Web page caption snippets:
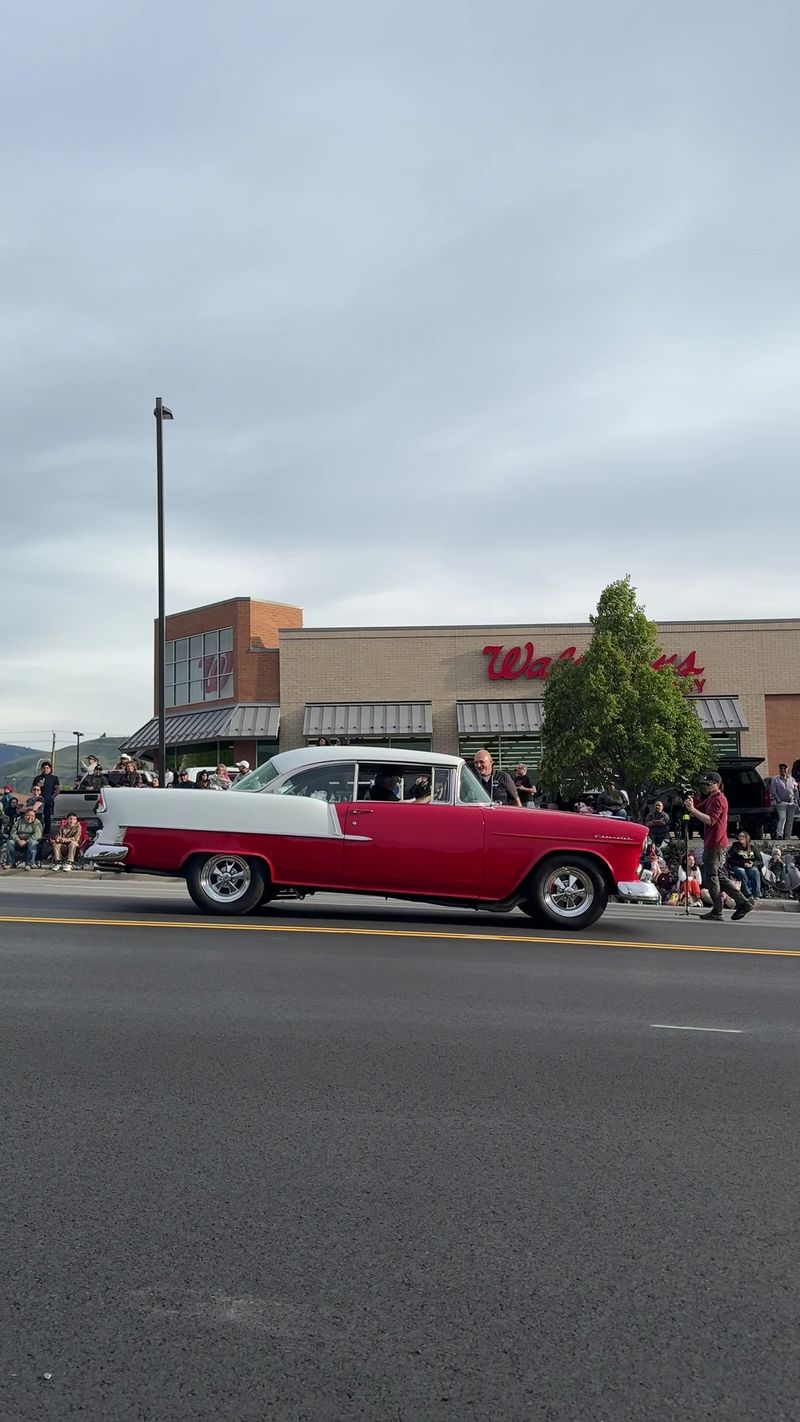 15 Unexpected Reasons Wenatchee Is The Affordable Washington Mountain Town Everyone Should See - Decor Hint Washington State Apple Blossom Festival Celebration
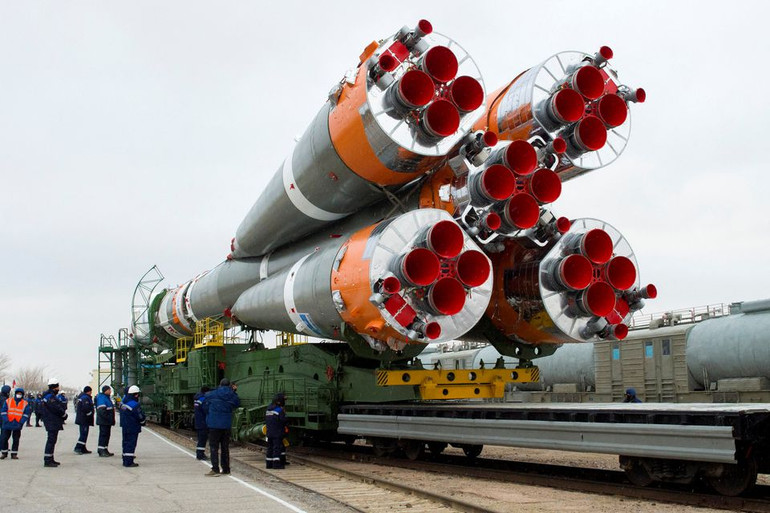 Tên lửa đẩy Soyuz-2.1a cùng với tàu vũ trụ Soyuz MS-21 được đưa lên bệ phóng tại Sân bay vũ trụ Baikonur, Kazakhstan ngày 15/3. Ảnh: Roscosmos. Ba phi hành gia Nga lên Trạm Vũ trụ quốc tế -0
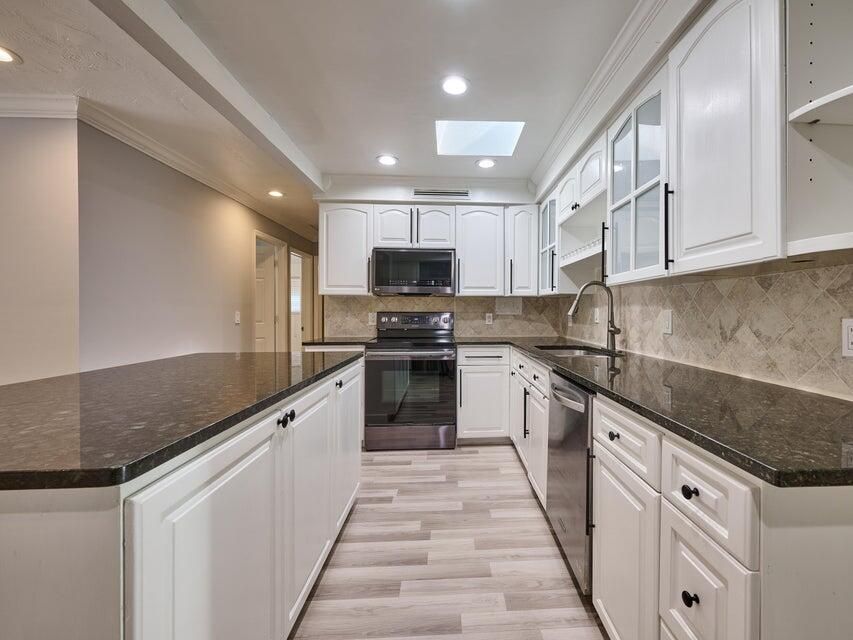 В аренду: $2,900 (3 спален, 2 ванн, 1499 Квадратных фут)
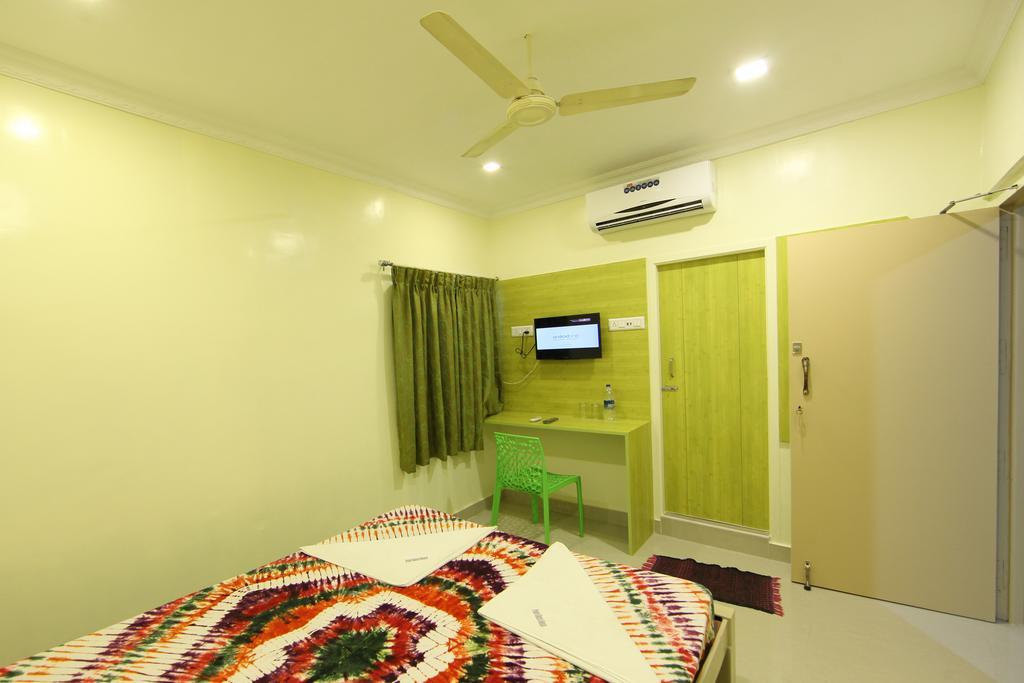 Pearl Guest House チェンナイ 部屋 写真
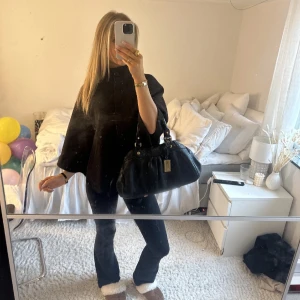 Svart kappa med knappar - Snygg svart kappa/poncho med knappar framtill. Perfekt nu till våren. St 38 men passar mig som brukar ha XS/S💕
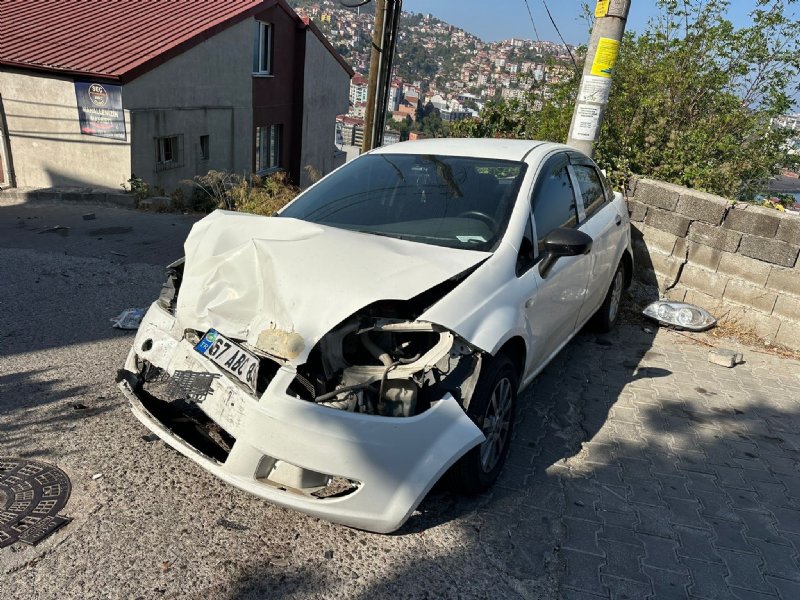 FRENİ BOŞALDI: 4 YARALI - 1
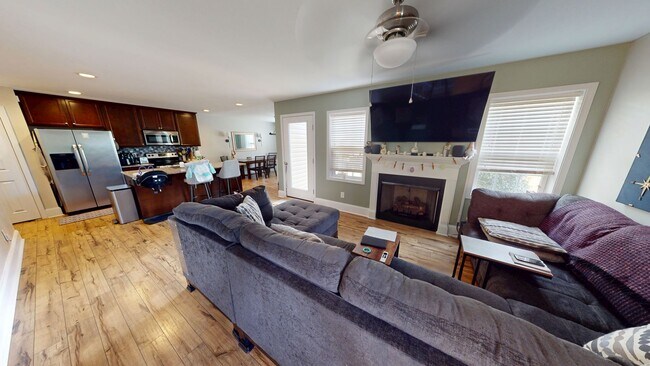 Building Photo - $500 OFF 1st Month's Rent if Leased by 07/...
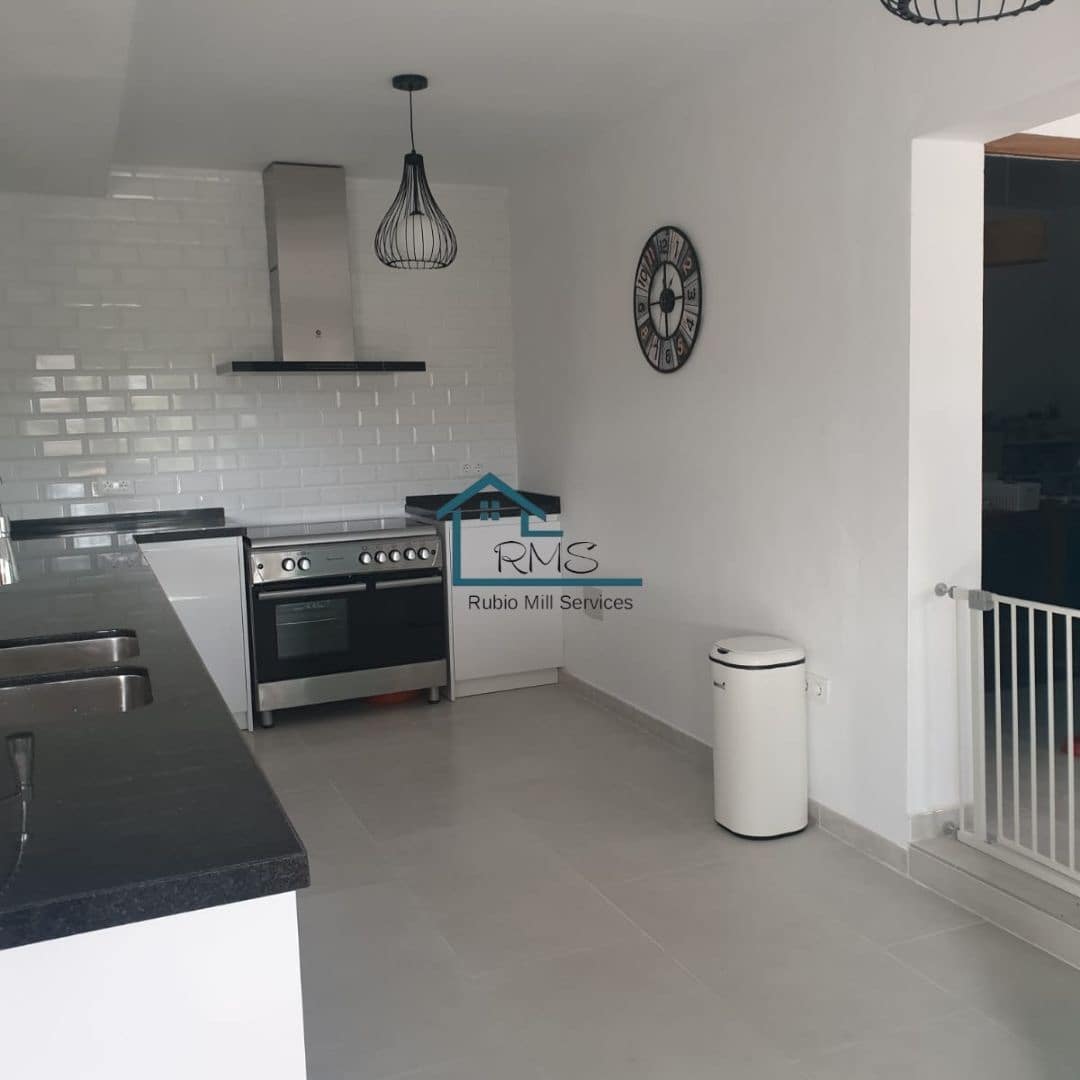 3 slaapkamer Villa te koop in Velez-Rubio met zwembad garage - € 229.000 (Ref: 9417832)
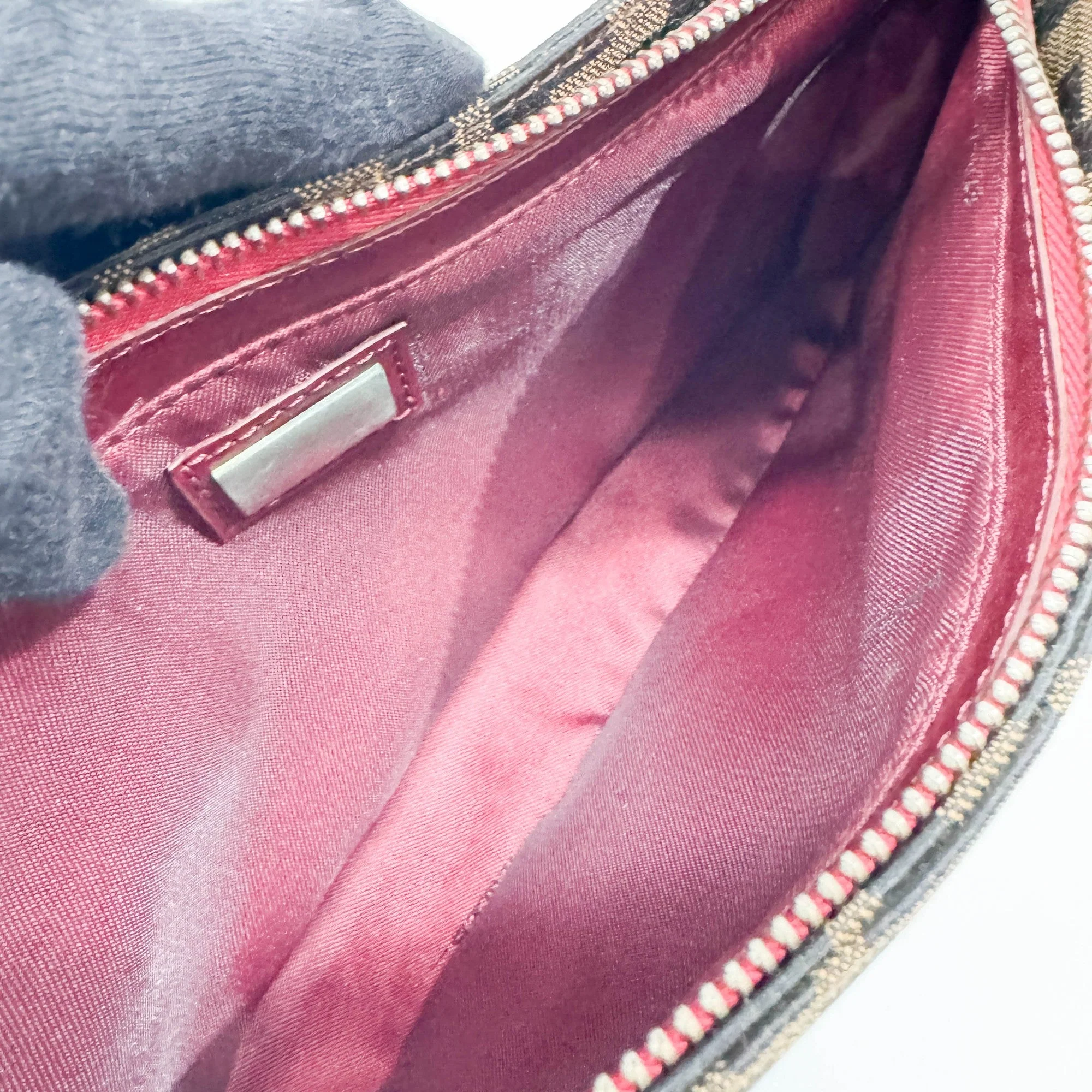 Zucca Red Wine Leather Details Shoulder Bag - Image 12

### Task statement
Repeat each entry exactly as it appears; skip any picture.

### Solved exercise
 15 Unexpected Reasons Wenatchee Is The Affordable Washington Mountain Town Everyone Should See - Decor Hint Washington State Apple Blossom Festival Celebration
 Tên lửa đẩy Soyuz-2.1a cùng với tàu vũ trụ Soyuz MS-21 được đưa lên bệ phóng tại Sân bay vũ trụ Baikonur, Kazakhstan ngày 15/3. Ảnh: Roscosmos. Ba phi hành gia Nga lên Trạm Vũ trụ quốc tế -0
 В аренду: $2,900 (3 спален, 2 ванн, 1499 Квадратных фут)
 Pearl Guest House チェンナイ 部屋 写真
 Svart kappa med knappar - Snygg svart kappa/poncho med knappar framtill. Perfekt nu till våren. St 38 men passar mig som brukar ha XS/S💕
 FRENİ BOŞALDI: 4 YARALI - 1
 Building Photo - $500 OFF 1st Month's Rent if Leased by 07/...
 3 slaapkamer Villa te koop in Velez-Rubio met zwembad garage - € 229.000 (Ref: 9417832)
 Zucca Red Wine Leather Details Shoulder Bag - Image 12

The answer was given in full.